US President Donald Trump has ended trade preferences for Hong Kong and signed into law an act that authorises sanctions on banks over China's clampdown in the semi-autonomous city amid tensions between Washington and Beijing.
In a news conference on Tuesday driven by criticism of his domestic rivals, Trump declared himself to be tougher than ever on China including over its treatment of the financial capital.
"Hong Kong will now be treated the same as mainland China, no special privileges, no special economic treatment, and no export of sensitive technologies," Trump said in the White House Rose Garden.
"Their freedom has been taken away; their rights have been taken away," Trump added.
"And with it goes Hong Kong, in my opinion, because it will no longer be able to compete with free markets. A lot of people will be leaving Hong Kong."
Trump also said he signed the Hong Kong Autonomy Act, which previously passed Congress and mandates sanctions on entities that violate China's obligations under the treaty which passed the semi-autonomous territory from British control to China.
It further mandates the administration to impose sanctions on banks that do business with any individual who is designated under the act.
Lawmakers hope the new law will force all but provincial Chinese banks to choose between abetting Beijing's efforts in Hong Kong, and being able to conduct transactions in US dollars and operate in the world's largest economy.
"This law gives my administration powerful new tools to hold responsible the individuals and the entities involved in extinguishing Hong Kong's freedom," Trump said.

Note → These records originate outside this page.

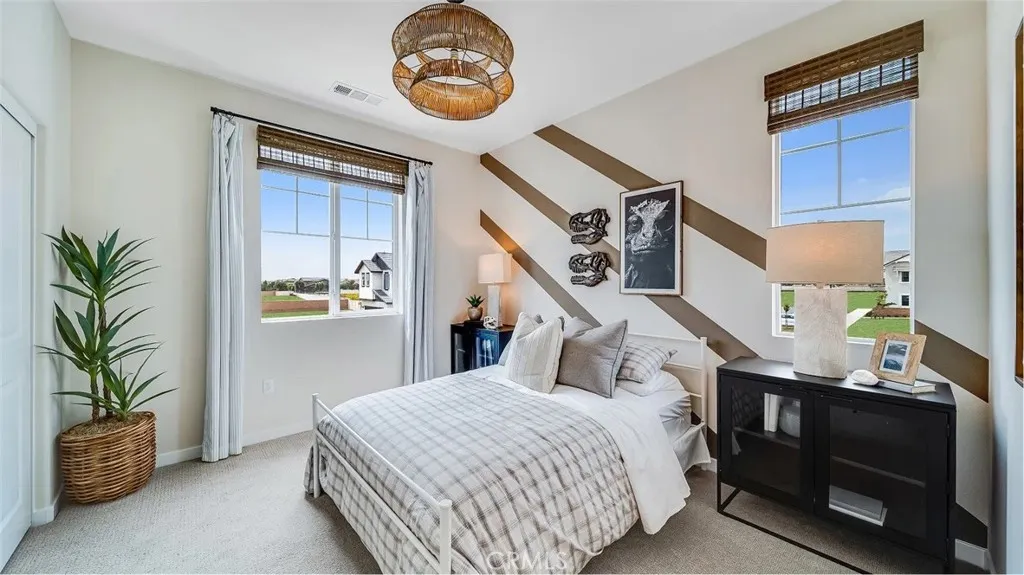 3282 Floral Paseo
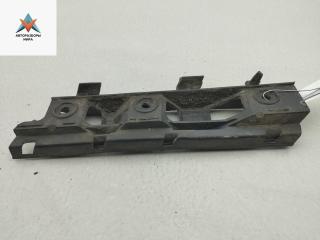 кронштейн переднего бампера Volkswagen Passat B6 2006, 1.6 л., бензин, АКПП, чёрный, универсал, 3C0807184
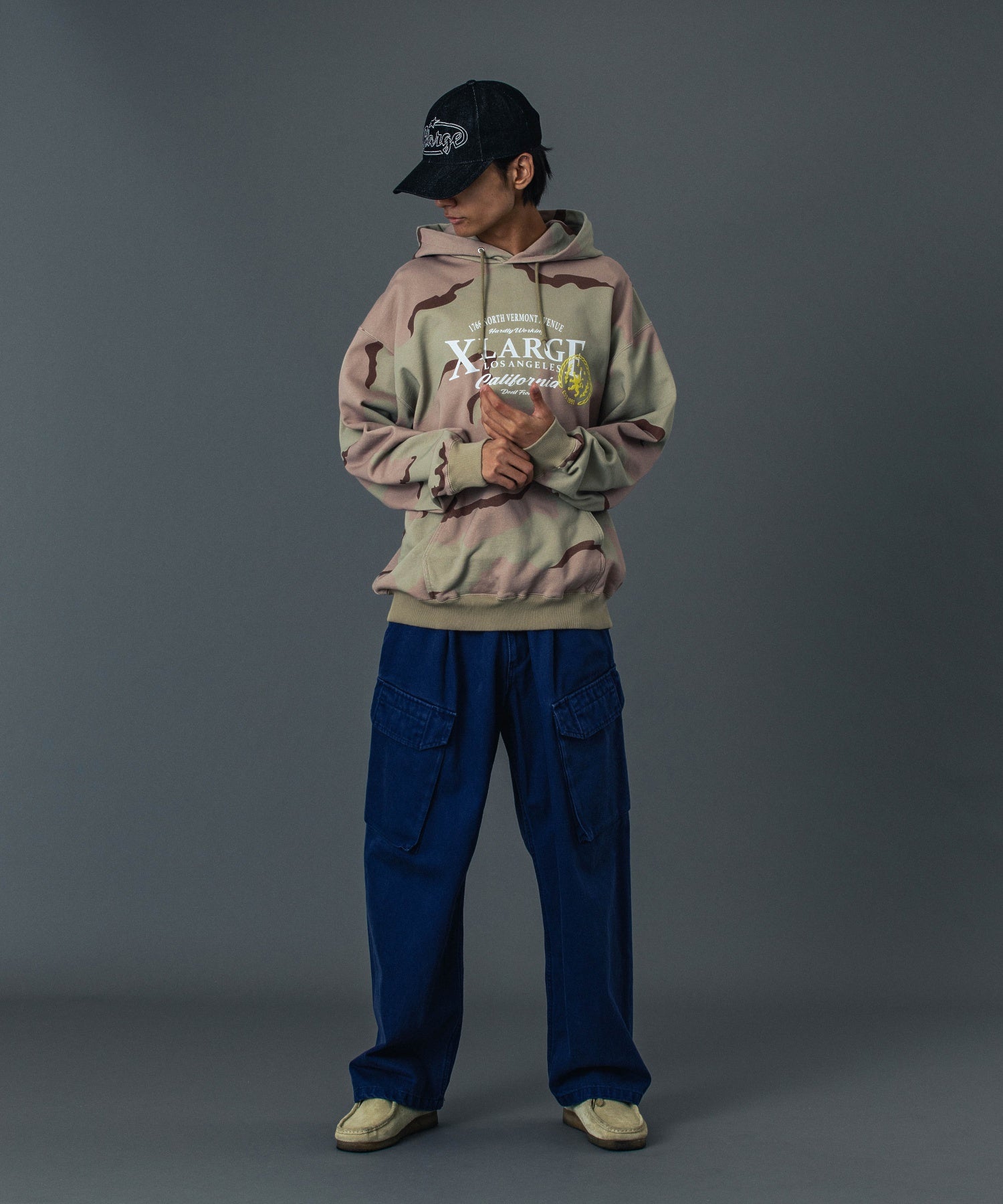 CLASSIC PULLOVER HOODED SWEATSHIRT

China's new law in Hong Kong criminalises subversion among other offenses, sending a chill through the city that was promised autonomy before Britain handed it back in 1997.
China's new security law
Activists fear the new security law will be used by Beijing to quash dissent in the territory.
A 23-year-old man in Hong Kong was booked for terrorism and secessionist activities on July 3, becoming the first person charged under the new security law.
Since last year, it has been mired in protests sparked by a move to legalise the extradition of people to mainland China.